However, this group of Christians knows that it is attracting people to the Way for whom the covenant and its demands are something new. We are familiar with this moment in the history of the early Church from Paul’s letters where he struggles with those who want to force gentiles who are seeking to become followers of Jesus to take up all the demands of the law such as adherence to the dietary laws, and even force men converts to undergo circumcision (> Murphy-O’Connor, 1996, pp. 130–57). This issue of how many of the detailed demands of the covenant are necessary for gentile converts is also present in the Didache. For the Didache these converts did not have to take on-board all the demands listed in the law and become perfect observers of the law. Rather this is what it calls for:

Take care that no one leads you astray from this Way of the Teaching, because any other teaching takes you away from God. Now if you are able to bear the whole of the Lord’s yoke, you will be complete. However, if you are not able [to bear that yoke], then do what you can.

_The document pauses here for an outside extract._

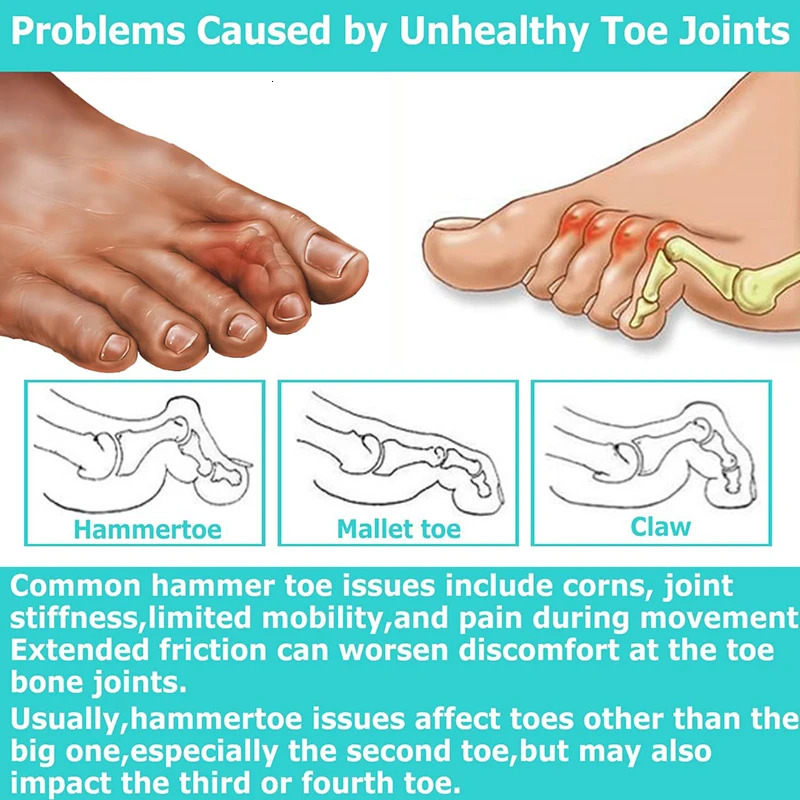 Pexmen 2/4Pcs Gel Soft Hammertoe Corrector Toe Splints Realign Bent Curled Claw Hammer Toes Toe Straighteners for Men and Women 250613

And concerning food regulations, bear what you are able. However, you must keep strictly away from meat that has been sacrificed to idols for involvement with it involves worship of dead gods.

(Did. 6.1–3)

The Didache is taking a moderate approach: the covenant, the relationship with God and the demands of a moral life, so that one shared in that covenant, are what is important. On the other details there was freedom to do what one could. This moderation and practical sense has led one commentator to praise this as ‘the pastoral genius of the Didache’ (> Milavec, 1989).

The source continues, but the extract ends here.